Adopting this kind of new technology may seem like a big commitment, but it was something Martin was able to feel comfortable with and fully understood every step of the way. Blue Ocean technology makes it easy for users to start small, with pilot programs that do not change the way things were done from one day to the next, but instead can open the eyes of stakeholders across an entire organization.

Starting small is the advice that most users have, as that approach enables technology to be fundamental in a way that affects how things are done now, while opening up new possibilities. That connection to the present and the future is something many users are actively considering.

Efficiency today, opportunities tomorrow

Because Blue Ocean Gear buoys work with any type of fixed gear, the company has customers across the trap, longline, net and aquaculture sectors. One of these customers is Eben Nieuwkerk, owner of Shannon Kristine and the Flying Dutchman. He fishes traps and nets for lobster, monkfish and ground fish in southern Maine. He is one of very few yarn nets left in the Northeast.

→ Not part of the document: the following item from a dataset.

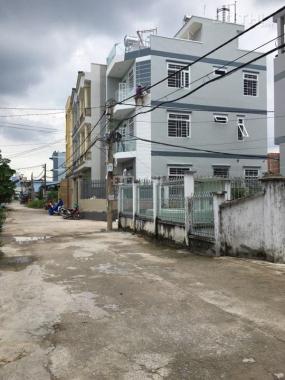 Bán đất đường Ụ Ghe, Tam Phú, giá 1.75 tỷ DT 60m2(4x15m) thổ cư 100%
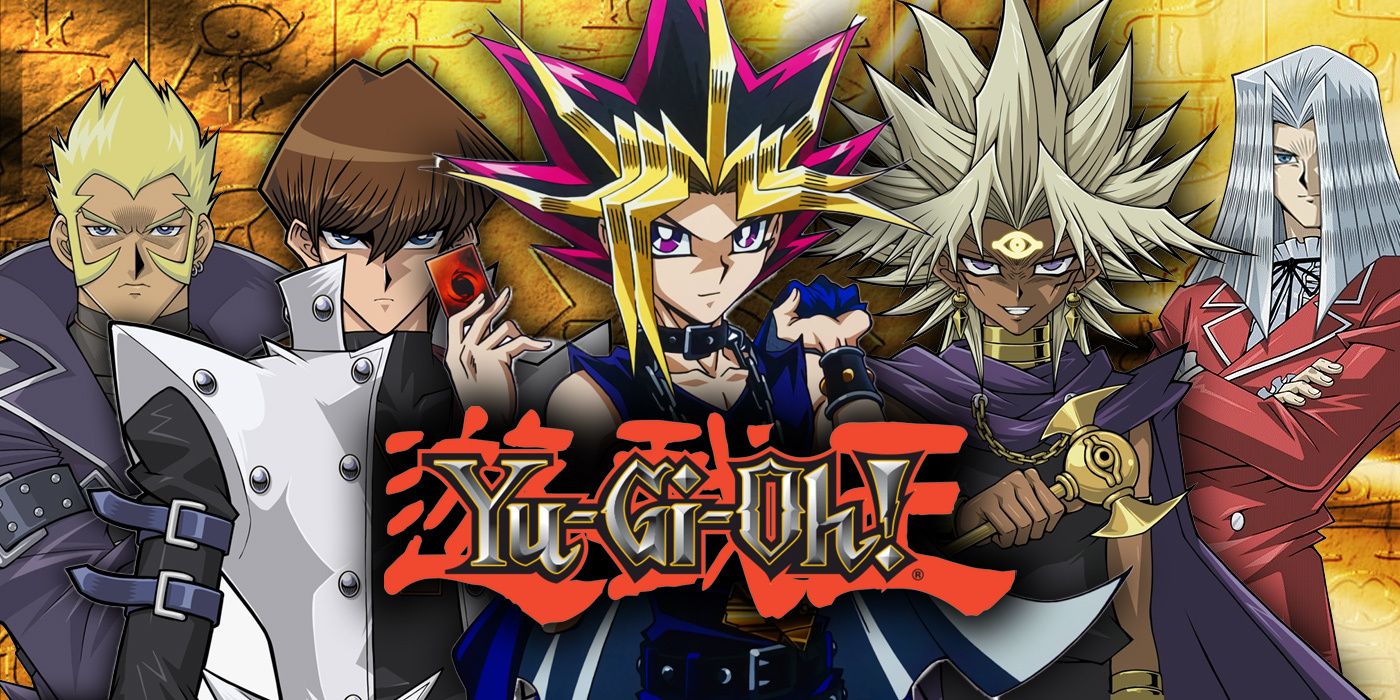 yugioh 7 trials to glory how to edit deck Amazon.com: Yu-Gi-Oh 7 Trials to Glory (Renewed) : Video Games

Nieuwkerk has been using Blue Ocean Gear buoys for a few months as part of a partnership with SMELTS and has mentioned that the products have been able to minimize gear conflicts. Because the buoys instantly recognize when they are in the water, underwater or out of the water, they can automatically send him a ping when something out of the ordinary happens. He can instantly know when someone can disrupt his equipment or steal his catch.

In addition, the buoys help him collect data in a visual way that is easy to understand and use to make decisions. It has created efficiencies for his operations in the short term, but has already made him think about how such efficiencies can open up even more opportunities for his business.

“I think the smart buoys could essentially be used as fingers for my nets to save dolphins,” Nieuwkerk said. “The clever buoy could actually be used to track your end line, so if a whale was entangled in it, a rescue team would know the specific details of where and how it happened so they could go out and clear the rope.”

That kind of conversation about new and potential applications is the kind of thing that the Blue Ocean Gear team actively cultivates with their customers. Some users have talked about seeing their technology more fully integrated into the solutions they had used. Such integrations make a difference in the short term and at the same time open up for ideas in the long term.

Blue Ocean Gear has proven how to solve such challenges, and their smart bends’ easy integration with everything from traps to longlines, nets and even FADs, further demonstrates how many different options potential users can explore and test. With products that are easy to use and customizable, Blue Ocean Gear’s customer service team can find the right introductory hardware package and software for just about anyone.